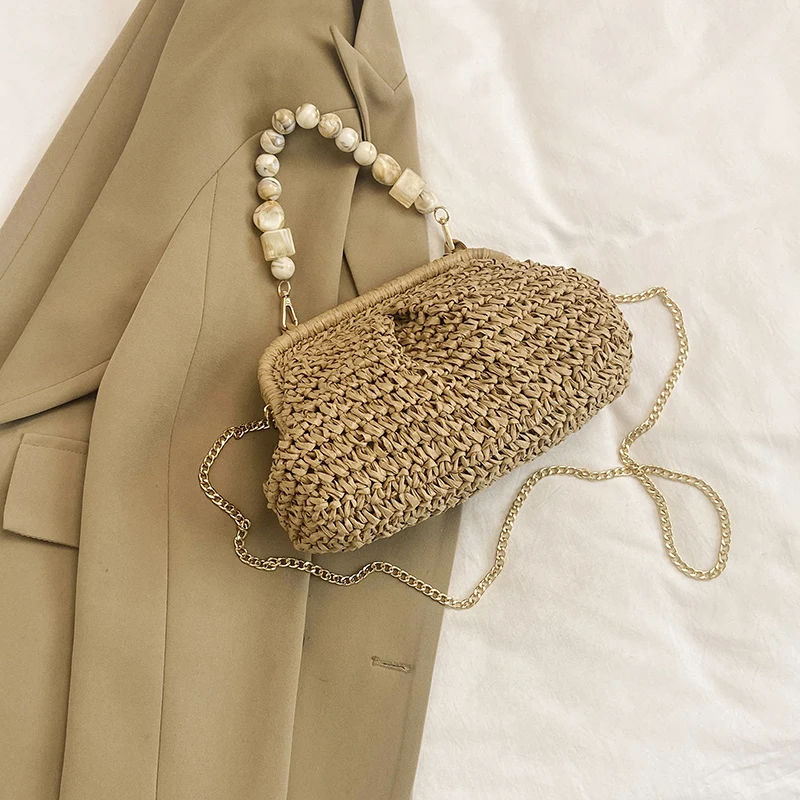 Borsa In Paglia Piccola Intrecciata A Mano Con Tracolla E Zip - Accessorio Estate Donna Per Spiaggia, Vacanze E Shopping - Con Decorazione A Nappa - 18x22 Cm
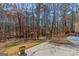 Backyard view that backs up to a wooded area, showing the patio and play area at 125 Tall Timber Ct, Fayetteville, GA 30215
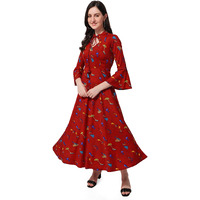 Oomph! Women's Western & Fusion Wear Long Dresses For Women, Beach, Red - Md436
────────────────
__Problem details__: For this exercise, write the listing out again exactly, excluding all images.

__Finished exercise__:
 Borsa In Paglia Piccola Intrecciata A Mano Con Tracolla E Zip - Accessorio Estate Donna Per Spiaggia, Vacanze E Shopping - Con Decorazione A Nappa - 18x22 Cm
 Backyard view that backs up to a wooded area, showing the patio and play area at 125 Tall Timber Ct, Fayetteville, GA 30215
 Oomph! Women's Western & Fusion Wear Long Dresses For Women, Beach, Red - Md436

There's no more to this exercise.